Today’s New York Times has a long critical article about the racially discriminatory effect of NYC’s gifted and talented admissions policies, a system that was imposed by Joel Klein in 2007.  Some things that stand out in this piece:
  • "Despite months of repeated requests, the city's Education Department would not provide racial breakdowns of gifted and talented programs and the schools that house them.”  So much for DOE transparency!  But why didn’t the Times FOIL this data, and if refused, sue them?  If the New York Times, with all its resources, fails to  take aggressive action to demand information, what hope is there for the rest of us?
  • This quote from a teacher is outrageous, and should be roundly denounced: “Ms. Lindner, the fifth-grade teacher, said she was "always surprised" when she saw more than two or three white children in her general education classes. As a parent herself, and a resident of Manhattan's Upper East Side, she said, “there's no way I'd put my kid in a general-education class here, no way, because it's right next to the project and all the kids in general education come from the projects."   How would that make the parents in her class feel?  What does that say about her attitude towards her students?
  •  There is an extended quote from DOE’s Suransky, that is repeated without question: “But focusing on the gifted classrooms is missing the point, Mr. Polakow-Suransky said. Though it is worthy to debate whether the "world of G.&T." is diverse enough, he said, the administration's "equity agenda" is much broader: It seeks to improve the quality of education and close achievement gaps across the entire school system. "We are not a system that is purely focused on running a good G.&T. program," Mr. Polakow-Suransky said. "We are a system that is focused on dramatically shifting educational opportunities for, particularly, kids of color and kids from high-poverty neighborhoods who have historically in this city been deeply neglected."
Like what, I would ask? How are they improving educational opportunities to poor students or children of color, when class size reduction is one of the few reforms known to narrow the achievement gap, and yet classes are now the largest in 14 years?  (A salient fact that our “paper of record” has not yet seen fit to report, BTW.)

  •  Sadly, and despite its length, the article did not mention the compelling research on tracking, which shows how separating out kids by “ability” at an early age significantly disadvantages those who are concentrated in the lowest –performing classrooms; nor does it mention the example of Finland, which when the government decided to stop tracking,  the teachers union in response demanded systematic reductions in class size, to ensure that they could meet the needs of students of different academic levels.  The combination of the two reforms, the elimination of tracking and across the board reductions in class size, in the eyes of many analysts, was what led to the rapid improvement of Finnish schools in the 1970's.

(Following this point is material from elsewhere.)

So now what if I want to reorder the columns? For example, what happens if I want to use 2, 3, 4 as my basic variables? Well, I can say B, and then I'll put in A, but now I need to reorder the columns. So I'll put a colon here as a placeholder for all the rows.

  • Finally, where has the Times been on this issue? In 2007, in our blog, we warned that Klein’s decision to impose a centralized admissions procedure based purely on test scores,  in the name of “equity”, would have a discriminatory effect.    We ran pieces by Debbie Meier , among others, blasting this policy.  And yet the Times, which has an obsession with the Gifted and Talented issue, has remained relatively uncritical throughout the years of this and many other test-based DOE policies.

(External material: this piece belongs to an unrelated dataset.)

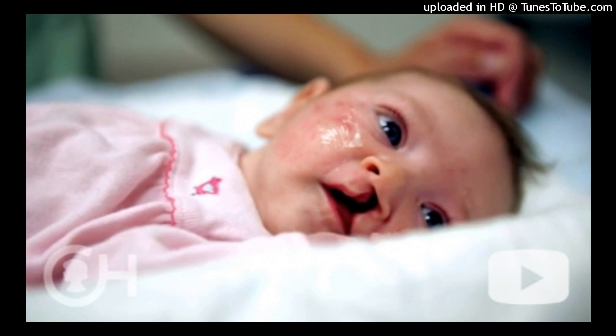Methamphetamine exposure results in lethargy, irritability, high-pitched cry, and hypertonicity in infants. SSRIs and other antidepressants taken during pregnancy also result in NAS behaviors.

The Times ran at least nine articles about the Gifted and Talented program in 2009 alone, most of which merely fed the frenzy of parents intent on getting their children into these programs, while failing to address how the imposition of the high-stakes admission policy had magnified inequities.  See our critique here.   As usual, the Times reporting remains years behind on NYC school issues, and in its role as the paper read by the power elite, has served to reinforce the damaging education policies of this administration, whether purposefully or not.